Федоров называет подобный процесс: «психофизиологической регуляцией».
Для нашего мыслителя человечество (начиная с Адама) во всей его целокупности – одна семья.
Не любовь к Богу, а сакрализация отцов движет философом. Федоровская родственно-отеческая нравственность смахивает на первобытный культ предков. Поклонение умершим – прародителям и сородичам.
Только в данном случае не пращуры магически участвуют в жизни «детей», а, наоборот, потомки «заботятся» об умерших отцах.
И, пользуясь достижениями науки – научной магией, вызывают предков к вечной жизни.
И праведных, и грешных.
Федорову близка идея апокатастасиса христианских богословов Оригена и Григория Нисского – «восстановление всего мира, без всяких исключений, в обо́женое состояние».

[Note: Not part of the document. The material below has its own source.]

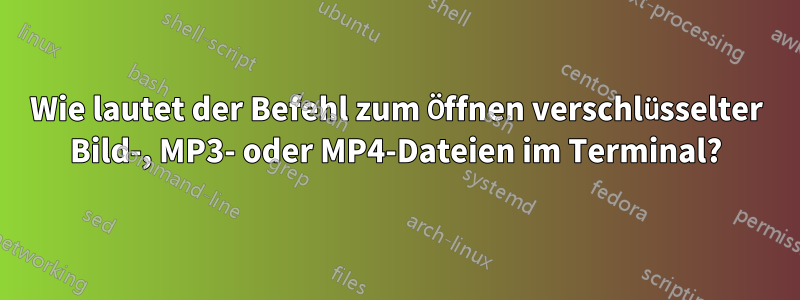 Wie lautet der Befehl zum Öffnen verschlüsselter Bild-, MP3- oder MP4-Dateien im Terminal?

Такое впечатление, что коллективный древний пращур заклял нашего философа. Заколдовал. Превратил в почитателя праха. И тот, зомби, всю жизнь страстно проповедовал общее дело восхваления и воскрешения умерших отцов.
Не правда ли, веет древнеегипетским холодком Подземного царства мертвых?
В теории Федорова также чувствуются отсветы «великого деланья».
Средневековые алхимики говорили о достижении физического «бессмертия», которое, впрочем, измерялось тысячью годами. Это так. Далее, согласно ученым мужам, наступает трансформация – возвращение к своему «потерянному», «забытому» состоянию. К первоматерии. К вечному Свету, частицей которого человек изначально был.
У Мирче Элиаде читаем: «…для воскрешения мертвые тела должны быть испытаны Огнем и всеми Видами Страдания, ибо без страдания и смерти нельзя достичь Вечной Жизни. Мучения всегда приводили к смерти. Не было никакой надежды на „воскрешение“ на трансцендентном уровне без предварительной смерти»[6].
В сравнении с пресной федоровской литургией, алхимический Opus Magnum, полный метафор, экспрессии, поэзии и страсти, – приключенческий роман.
Средневековые алхимики «спроецировали на Материю инициационную функцию страдания. Благодаря алхимическим операциям, соответствующим „мучениям“, „Смерти“ и „воскрешению“, субстанция изменяется, то есть становится трансцендентной: она обращается в „Золото“. Золото, повторим, является символом бессмертия… Таким образом, алхимическая трансмутация тождественна достижению материей совершенства: в христианских терминах – ее искуплению»[7].
Дабы жить экстатической жизнью в Боге.
Но и это не все.
Не все так просто.
Читатель чувствует иной, скрытый прообраз в философии Федорова. Где «коллективный пращур» оборачивается всамделишным Отцом Небесным.